Nelle ordinanze del TAR si legge chiaramente che “la norma regionale, quindi, incentiva in maniera assolutamente discriminatoria e irragionevole situazioni di abbandono e di degrado, da cui discende la possibilità di ottenere premi volumetrici e norme urbanistiche ed edificatorie più favorevoli rispetto a quelle ordinarie”.

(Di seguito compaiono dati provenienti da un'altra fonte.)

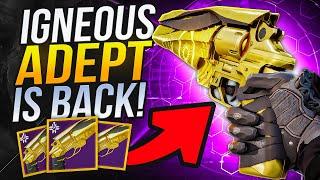 Igneous Hammer Adept is HERE is Better than ever ! (New perks)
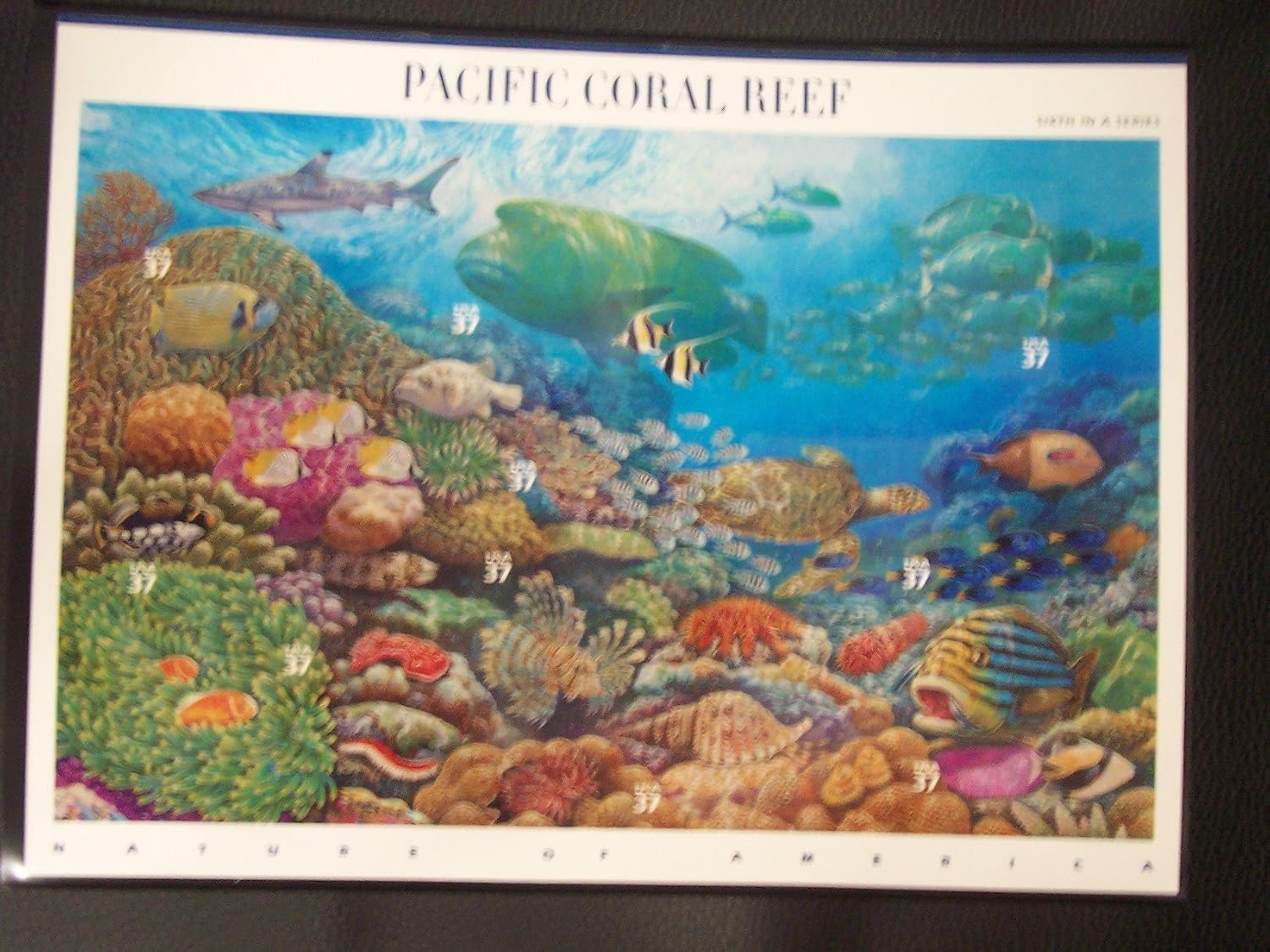 The 2004 Commemorative Stamp Yearbook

Inoltre, l’art. 40 bis della legge regionale n. 12 del 2005 appare in contrasto anche con i principi di uguaglianza e imparzialità dell’Amministrazione discendenti dagli artt. 3 e 97 della Costituzione, visto che incentiva in maniera assolutamente discriminatoria e irragionevole situazioni di “abbandono e di degrado, da cui discende la possibilità di ottenere premi volumetrici e norme urbanistiche ed edificatorie più favorevoli rispetto a quelle ordinarie”, riconoscendo premialità (anche) in favore di soggetti che non hanno provveduto a mantenere gli immobili in buono stato, a differenza dei proprietari diligenti che hanno fatto fronte agli oneri e ai doveri conseguenti al loro diritto di proprietà, ma che proprio per questo non possono beneficiare di alcun vantaggio in caso di intervento sul proprio immobile.
Infine, la disciplina regionale pare in netto contrasto con le disposizioni di legge, anche nazionale, volte a contenere il consumo di suolo.
E adesso?
Le critiche alla Legge Regionale sulla rigenerazione urbana sono molto dure e circostanziate – riprendendo invero i commenti di quei giuristi e politici che fin dalla sua approvazione avevano espresso dubbi – ma l’ultima parola spetta alla Corte Costituzionale.
L’apertura di un tavolo tecnico tra Comuni e Regioni volto alla modifica della disciplina regionale è fortemente auspicata e invocata anche da alcune parti in causa. Il rischio che si intravede è di profonda incertezza, almeno nei prossimi mesi, tanto per quei Comuni che, privi di un’apposita regolamentazione, devono individuare gli immobili dismessi ai sensi della Legge Regionale (che non è sospesa negli effetti, nelle more della decisione della Consulta), quanto per quelli che hanno già provveduto a individuare i siti dismessi sulla base di previsioni dei propri strumenti di pianificazione generale, in contrasto con la Legge Regionale.